What are these religions about?

This system of metaphysical thought which emerges from the readings of Edgar Cayce is a Christianized version of the mystery religions of ancient Egypt, Chaldea, Persia, India, and Greece. It fits the figure of Christ into the tradition of one God for all people, and places Him in His proper place, at the apex of the philosophical structure; He is the capstone of the pyramid - the Stone the builders rejected.

The mysteries were concerned with man's problem of freeing his soul from the world. In the mystery symbologies the earth was always represented as the underworld, and the soul was lost in this underworld until freed from it by wisdom, faith, and understanding.
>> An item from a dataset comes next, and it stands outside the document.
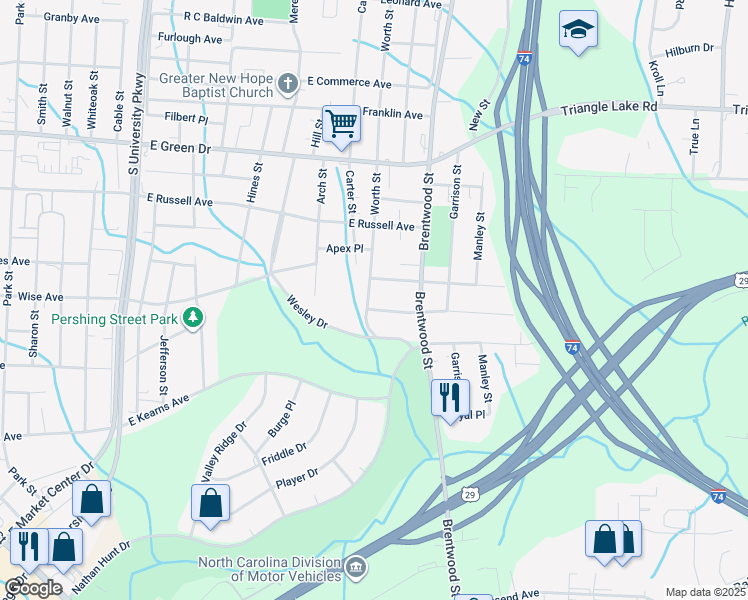 map of restaurants, bars, coffee shops, grocery stores, and more near 1607 Worth Street in High Point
In the Greek mysteries, Persephone, was abducted by Pluto, Lord of Hades. Persephone is the soul of man, whose true home is in the heavens.

Jesus said He came to fulfull the law, and part of that law was the Cabala, the secret doctrine of the Jews - their version of the mysteries.

It is interesting to speculate on the fact that Edgar Cayce was raised in strict nineteenth centry Bible tradition, and suffered the greatest mental and emotional shock of his life when he discovered that in his spiritual readings he declared the truth of the mysteries and acclaimed Jesus as their crowning glory. Edgar Cayce had only a seventh grade education and consciously knew nothing of what he said under hypnosis. He was only versed in the Bible and had no high school or college background of any kind. Up until his revelations, Cayce had never heard of the mystery religions. Yet his readings check with everything about them that is known to be authentic.

The mystery religions were, then, a preparation for the coming of Jesus. He was the fruit of their efforts, and His message was a fuller revelation to the people at large of the mysteries themselves. In the scramble which Christianity made to establish itself as the dominant religion of the decaying Roman Empire, the mysteries were denied their proper place, since to grant that they had truth in them would justify their further existence.

The complex symbology employed by the mystery religions has survived fragmentarily in Christianity, notable in church architecture and in the sacrifice of the Mass. The early Christians used every means possible to conceal the pagan origin of their symbols, doctrines, and rituals. They either destroyed the sacred books of other peoples among whom they settled, or made them inaccessible to students of comparative philosophy, apparently believing that in this way they could stamp out all record of the pre-Christian origin of their doctrines. The doctrine of reincarnation and the Gnostic mysteries of Christ were thrown out by the Church in 553 A.D.